= WORK TO COMPLETE =
Copy the records below exactly, but leave out any picture they contain.

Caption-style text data
<<<<

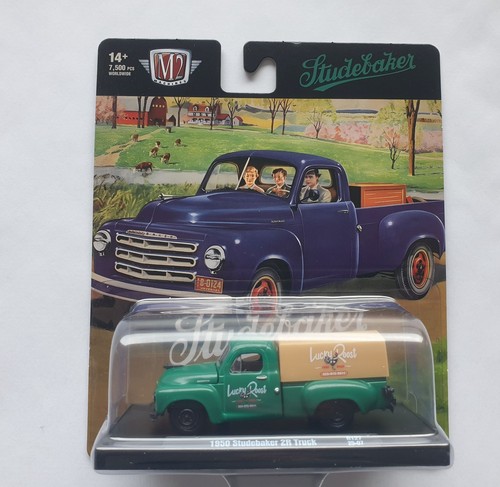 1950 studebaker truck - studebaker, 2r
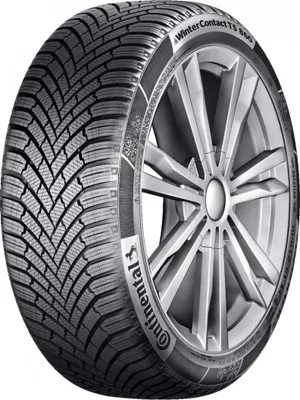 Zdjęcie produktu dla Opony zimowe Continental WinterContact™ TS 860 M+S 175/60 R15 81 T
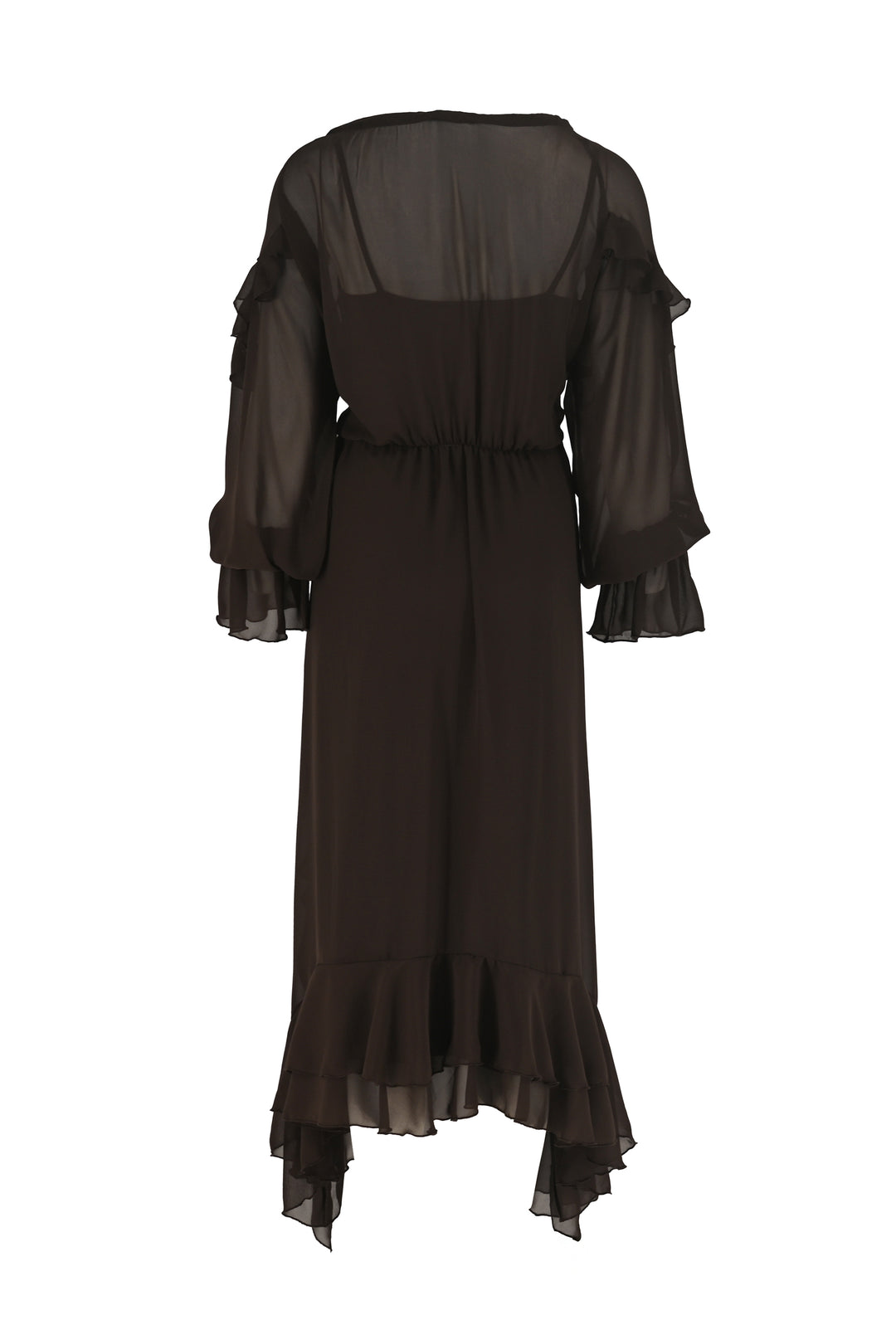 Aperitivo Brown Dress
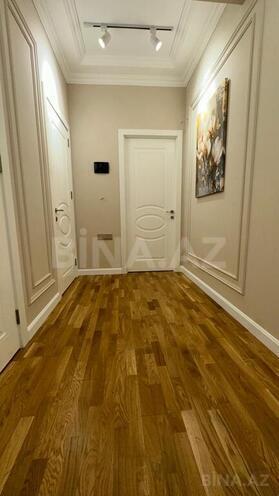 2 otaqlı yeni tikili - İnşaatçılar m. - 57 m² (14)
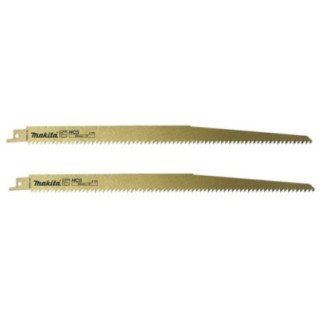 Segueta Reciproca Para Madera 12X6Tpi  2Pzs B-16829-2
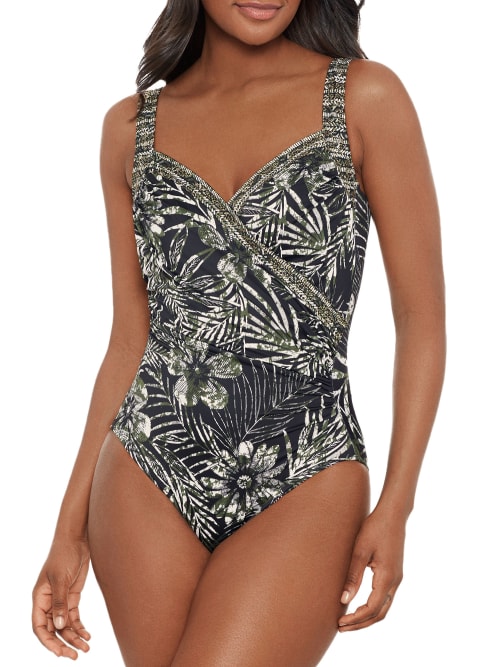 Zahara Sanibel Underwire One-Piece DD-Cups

>>>>

= SOLUTION FOR THIS EXERCISE =
 1950 studebaker truck - studebaker, 2r
 Zdjęcie produktu dla Opony zimowe Continental WinterContact™ TS 860 M+S 175/60 R15 81 T
 Aperitivo Brown Dress
 2 otaqlı yeni tikili - İnşaatçılar m. - 57 m² (14)
 Segueta Reciproca Para Madera 12X6Tpi  2Pzs B-16829-2
 Zahara Sanibel Underwire One-Piece DD-Cups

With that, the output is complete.